I want my output to look like:
author1 | author2 | intersection | union
daniel | adam | 2 | 9
daniel | harry| 2 | 11
adam | harry| 0 | 10
THANK YOU

Try below (for BigQuery)
SELECT
a.author AS author1,
b.author AS author2,
SUM(a.item=b.item) AS intersection,
EXACT_COUNT_DISTINCT(a.item) + EXACT_COUNT_DISTINCT(b.item) - intersection AS [union]
FROM FLATTEN((
SELECT author, SPLIT([group]) AS item FROM YourTable
), item) AS a
CROSS JOIN FLATTEN((
SELECT author, SPLIT([group]) AS item FROM YourTable
), item) AS b
WHERE a.author < b.author
GROUP BY 1,2
Added solution for BigQuery Standard SQL
WITH YourTable AS (
SELECT 'daniel' AS author, 'group1,group2,group3,group4,group5,group8,group10' AS grp UNION ALL
SELECT 'adam' AS author, 'group2,group5,group11,group12' AS grp UNION ALL
SELECT 'harry' AS author, 'group1,group10,group13,group15,group18' AS grp
),
tempTable AS (
SELECT author, SPLIT(grp) AS grp
FROM YourTable
)
SELECT
a.author AS author1,
b.author AS author2,
(SELECT COUNT(1) FROM a.grp) AS count1,
(SELECT COUNT(1) FROM b.grp) AS count2,
(SELECT COUNT(1) FROM UNNEST(a.grp) AS agrp JOIN UNNEST(b.grp) AS bgrp ON agrp = bgrp) AS intersection_count,
(SELECT COUNT(1) FROM (SELECT * FROM UNNEST(a.grp) UNION DISTINCT SELECT * FROM UNNEST(b.grp))) AS union_count
FROM tempTable a
JOIN tempTable b
ON a.author < b.author
What I like about this one:
much simpler / friendlier code
no CROSS JOIN and extra GROUP BY needed
When/If try - make sure to uncheck Use Legacy SQL checkbox under Show Options

I propose this option that scales better:
WITH YourTable AS (
SELECT 'daniel' AS author, 'group1,group2,group3,group4,group5,group8,group10' AS grp UNION ALL
SELECT 'adam' AS author, 'group2,group5,group11,group12' AS grp UNION ALL
SELECT 'harry' AS author, 'group1,group10,group13,group15,group18' AS grp
),
tempTable AS (
SELECT author, grp
FROM YourTable, UNNEST(SPLIT(grp)) as grp
),
intersection AS (
SELECT a.author AS author1, b.author AS author2, COUNT(1) as intersection
FROM tempTable a
JOIN tempTable b
USING (grp)
WHERE a.author > b.author
GROUP BY a.author, b.author
),
count_distinct_groups AS (
SELECT author, COUNT(DISTINCT grp) as count_distinct_groups
FROM tempTable
GROUP BY author
),
join_it AS (
SELECT
intersection.*, cg1.count_distinct_groups AS count_distinct_groups1, cg2.count_distinct_groups AS count_distinct_groups2
FROM
intersection
JOIN
count_distinct_groups cg1
ON
intersection.author1 = cg1.author
JOIN
count_distinct_groups cg2
ON
intersection.author2 = cg2.author
)
SELECT
*,
count_distinct_groups1 + count_distinct_groups2 - intersection AS unionn,
intersection / (count_distinct_groups1 + count_distinct_groups2 - intersection) AS jaccard
FROM
join_it
A full cross join on Big Data (tens of thousands x millions) fails for too much shuffling while the second proposal takes hours to execute.

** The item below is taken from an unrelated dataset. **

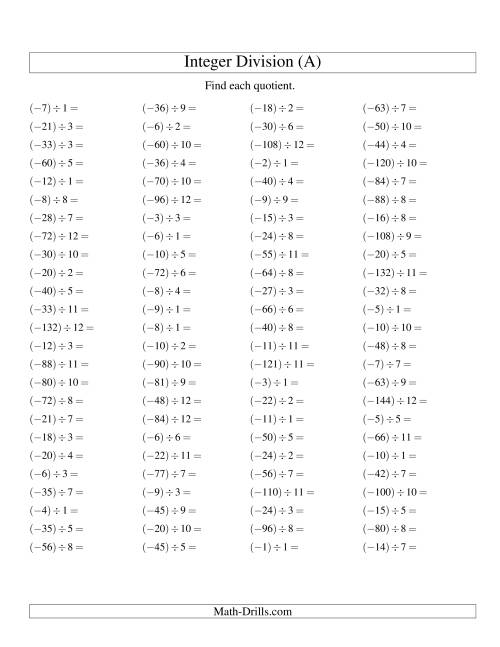 The Dividing Integers -- Negative Divided by a Positive (A) Math Worksheet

That one takes minutes.
The consequence of this approach though is that pairs having no intersection will not appear, so it will be the responsibility of the process that uses it to handle IFNULL.
Last detail: the union on Daniel and Harry is 10 rather than 11 as group15 is repeated in the initial example.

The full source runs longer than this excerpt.